Les agriculteurs protestent à Madrid contre les politiques agricoles européennes

Les manifestants réclament des exceptions aux réglementations environnementales européennes qui, selon eux, rendent leurs produits moins compétitifs sur le marché mondial.
(Photo : Joaquín Terán pour l'Union des petits agriculteurs et éleveurs)
Par Ofeoritse Daibo
10 avril 2024 01:04 UTC

Des milliers d'agriculteurs espagnols sont descendus dans la rue en mars pour la deuxième fois en autant de mois pour exiger des changements dans la politique agricole européenne et la fin du programme environnemental Agenda 2030 des Nations Unies.

Selon Luis Cortés, coordinateur de l'Union des syndicats d'agriculteurs et d'éleveurs, qui a organisé la manifestation, "il y avait environ 150 tracteurs et 2,000 - manifestants présents.

Les agriculteurs sont confrontés à une myriade de difficultés : baisse des prix de vente, hausse des coûts, réglementation lourde, détaillants puissants et dominateurs et difficulté de rivaliser avec des importations moins chères en provenance de pays tiers.- Gonzalo Urcolo, PDG, CrowdFarming

Des tracteurs ont parcouru les rues de Madrid, empruntant le trajet depuis le Paseo del Prado, en passant par le ministère de la Transition écologique et du Défi démographique et vers le nord en passant par le Paseo de la Castellana jusqu'au ministère de l'Agriculture, de la Pêche et de l'Alimentation. La manifestation était pacifique.

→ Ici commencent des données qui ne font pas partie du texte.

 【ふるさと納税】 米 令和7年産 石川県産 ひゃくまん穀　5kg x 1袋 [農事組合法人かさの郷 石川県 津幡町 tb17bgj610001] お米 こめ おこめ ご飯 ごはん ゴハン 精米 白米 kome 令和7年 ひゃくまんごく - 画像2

"Les familles et les enfants ont participé en montant dans les tracteurs. C'était un jour de fête », a déclaré Cortés. "Notre objectif était de gagner cette guerre contre les administrations qui ne nous comprennent pas et ne veulent pas. Nous avons également besoin du soutien des citoyens qui sont aussi des consommateurs.»

Voir aussi:Les groupes agricoles appellent le gouvernement espagnol à intensifier sa réponse au changement climatique

"Nous voulions qu'ils sachent que pour consommer des produits de qualité, il est essentiel qu'ils soutiennent la campagne et les agriculteurs espagnols », a-t-il ajouté. "Notre mode de vie risque de disparaître à cause de politiques non alignées, et nous risquons d’importer des produits d’autres pays.»

Les agriculteurs continuent d'exiger plus de flexibilité, des réglementations environnementales moins strictes et une bureaucratie plus légère de la part de l'Union européenne. Politique agricole commune (PAC), qui décide des exigences en matière de subventions aux agriculteurs.

"Les manifestations des agriculteurs ont mis en lumière des problèmes fondamentaux dans la chaîne d’approvisionnement et l’industrie agroalimentaire », a déclaré Gonzalo Urcolo, co-fondateur et directeur général de CrowdFarming, une plateforme qui connecte directement les consommateurs aux agriculteurs biologiques.

"Les agriculteurs ne sont pas seulement frustrés parce que l’UE impose des mesures restrictives à l’agriculture », a-t-il ajouté. "Ils sont frustrés parce que la politique ne régule qu’une partie de la chaîne d’approvisionnement.»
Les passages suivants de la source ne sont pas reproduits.